Ho il bar davanti al mare da venti anni. Che noia. Dicono che le donne parlino d’amore così volentieri fra loro – e già le sento, a raccontarsi, nelle toilette delle signore, dal parrucchiere, e chissadove, e trucchi, fruscii, cose di donne… gli uomini no. Gli uomini parlano solo con noi baristi. E raccontano. Ma questo tizio cosa mi stava raccontando?                                                          

“Lei non ha dimenticato nulla…certe canzoni – sa esattamente tutte le parole! O…come andarono certe nostre domeniche…e quel certo vestito, quel preciso gesto! Sono passati più’ di trent’anni. Io…io ero un sedicenne spocchioso e disattento, e quanto lo fui con lei! Forse per questo ha deciso di vendicarsi a colpi di memoria…e cosi’ mi telefona , mi scrive, mi lascia biglietti sulla porta di casa, e mi racconta come eravamo. Esattamente. Come in un film. Tutti i dettagli al loro posto. Inesorabile.
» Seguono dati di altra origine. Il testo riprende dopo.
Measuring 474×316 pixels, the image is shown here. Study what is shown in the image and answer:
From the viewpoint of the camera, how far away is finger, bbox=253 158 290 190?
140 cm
Oh, un poco alla volta, lentamente, come a dosare un veleno sottile…e io ogni volta sento quella fitta al cuore, per noi, per il tempo…Lo so che cosa vuoi dirmi: perché’ non le dico di smetterla, perché’ non cambio telefono, casa, vita. Semplicemente non posso. Non posso farne a meno. Mi sveglio ogni mattina, e tutto e’ cosi’ grigio. Ma so che di li’ a poco lei mi descriverà quella nebbiolina che si alzo’ improvvisamente alle 17,30 del 30 Marzo del ’74, e il bacio leggero che sfioro’ le nostre labbra…E tutto si colora! Di nebbia, di ricordi… E una vertigine mi stringe lo stomaco…”

“Nessun problema, amico. Niente che non si possa cancellare con un’Alka-Seltzer. Anche se quello fosse stato il Grande Amore Della Tua Vita. L’Eldorado Del Batticuore. La Bibbia Del Cheek To Cheek. Non hai più sedici anni, Johnny. La vita va avanti. Ho il bar da vent’anni, e devo pur dire qualcosa ai clienti: ”Forse lei è stata il grande amore della tua vita, o forse no, ma che importa? Hai incontrato altre donne, giocate centinaia di partite, viste migliaia di albe…”
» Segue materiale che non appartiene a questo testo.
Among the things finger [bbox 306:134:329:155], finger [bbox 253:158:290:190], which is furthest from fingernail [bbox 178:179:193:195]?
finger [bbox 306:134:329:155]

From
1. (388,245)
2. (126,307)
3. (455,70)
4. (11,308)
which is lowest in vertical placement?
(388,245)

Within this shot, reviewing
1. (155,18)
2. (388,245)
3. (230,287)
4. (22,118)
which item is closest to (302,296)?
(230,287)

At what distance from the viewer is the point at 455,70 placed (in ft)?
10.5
“No, non capisci, non sono semplici ricordi… sono pezzi di vita… le parole hanno quel gusto, e palpitano, solo per noi due, nel mondo, nell’anima…e nessuno, mai, nessuno, nessuno…”
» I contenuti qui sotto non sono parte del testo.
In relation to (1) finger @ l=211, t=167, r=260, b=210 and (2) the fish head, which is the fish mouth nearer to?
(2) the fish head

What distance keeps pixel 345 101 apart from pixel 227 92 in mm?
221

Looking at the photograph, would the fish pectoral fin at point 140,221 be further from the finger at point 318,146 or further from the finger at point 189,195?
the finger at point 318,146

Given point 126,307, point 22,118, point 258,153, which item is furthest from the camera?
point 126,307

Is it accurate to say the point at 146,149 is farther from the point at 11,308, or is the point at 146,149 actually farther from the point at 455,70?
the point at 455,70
L’occhio del tizio sparava lampi allucinati, la mano tremava sul bicchiere. Parlava, parlava. Sempre più concitato: ”Perché’ io posso dirti: – woodstock belforte alias – e per te sono parole senza senso!”

Ora stava gridando: ”Oppure senti questa:-TANDEM LENNY CILLO – NON CAPISCI, VERO? e se poi ti dicessi –  SOLARIS ALTOMARE – EH? CHE DIRESTI? EH?”

 “Che in altomare c’è di sicuro il tuo cervello, amico! Che mi stai raccontando? E’ normale che sia cosi’, sono ricordi VOSTRI !

 Certi imbecilli dopo il secondo whisky ridiventano bambini, e allora vai a fargli capire che e’ arrivato il momento del conto! Accasciato sullo sgabello il pazzo digrignava suoni senza senso, in un singhiozzo febbricitante: ”Cava! cava, Santanna! VentiVentisei, venti, portobello…AH! Marcord, marcord…”.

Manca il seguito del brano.